O Clóvis, já teve vida. Deu sombra e acalanto para muitos que um dia assediaram seus galhos de onde brilhavam seiva e o mel da vida, ora nos protegendo do sol inclemente, ora apontando o céu como caminho para quem ousasse viver uma vida de paz, logo quebrada pela especulação e pelos prédios edificados à sua volta.
Morto, o Clóvis foi esquecido. Lá no canto dele, mudo e sem serventia, ganhou o abandono dos homens, talvez os mesmos que um dia desfrutaram dos bens que produzia. Como os homens, o Clóvis deixou de ser visto e incensado ao findarem seus benefícios, diminuírem seus favores, afinarem seus dedos longos para os abraços e os adeuses. É assim, pensaria o Clovis, se o Clovis pensasse.
A vida, a natureza, infatigáveis testemunhas da historia, trataram de dar ao Clóvis o que o Clóvis merecia. Não propriamente um enterro digno, um fim com causa e feito depois de uma vida longa como a que se conta aqui. O Clóvis ganhou a parceria do céu e da terra. No seu tronco, vi nascer plantinhas pequeninas que me acenavam com flores à minha passagem.
Outro dia, um dia qualquer, vi o Clóvis com ar de comovido.

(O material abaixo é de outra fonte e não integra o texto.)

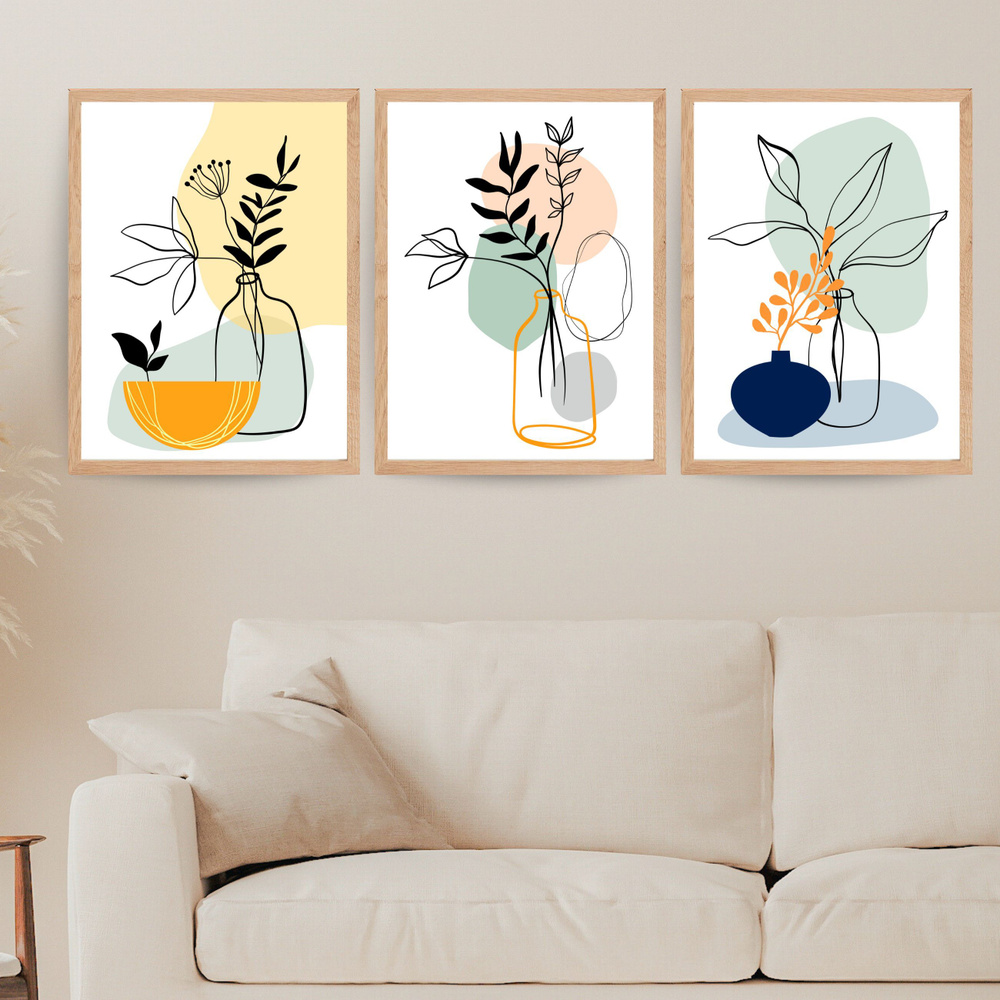 Постеры интерьерные на стену "Цветы в вазе. Абстракция" набор из 3 шт., (белый фон), декор и интерьер, #1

Molhado, chuva a banhar sua vida, dava chão para um jardim às plantas que desciam de seu topo para forrar o piso à volta com um tapete verde, desarrumado, porém cheio de seiva, argumento para os observadores daquela cena diária de quem lhe acompanha a vida, pós morte.
O Clóvis floresceu. Quer dizer, a vida no Clóvis floresceu, com verde, flores, diversidade e um misto de paz e demonstração de quem nem tudo morre, quando lhe tiram a vida. O Clóvis é , mesmo morto, um exemplo de resiliência? Juro, dedos em cruz sobre os lábios, não sei. O Clóvis que poderia ser tratado como um amigo, que nem a natureza faz, é cuidado hoje pela natureza que teima em viver à sua volta e pelos homens que lhe cercam de lixo que as competências não vêm, não sabem, não ligam.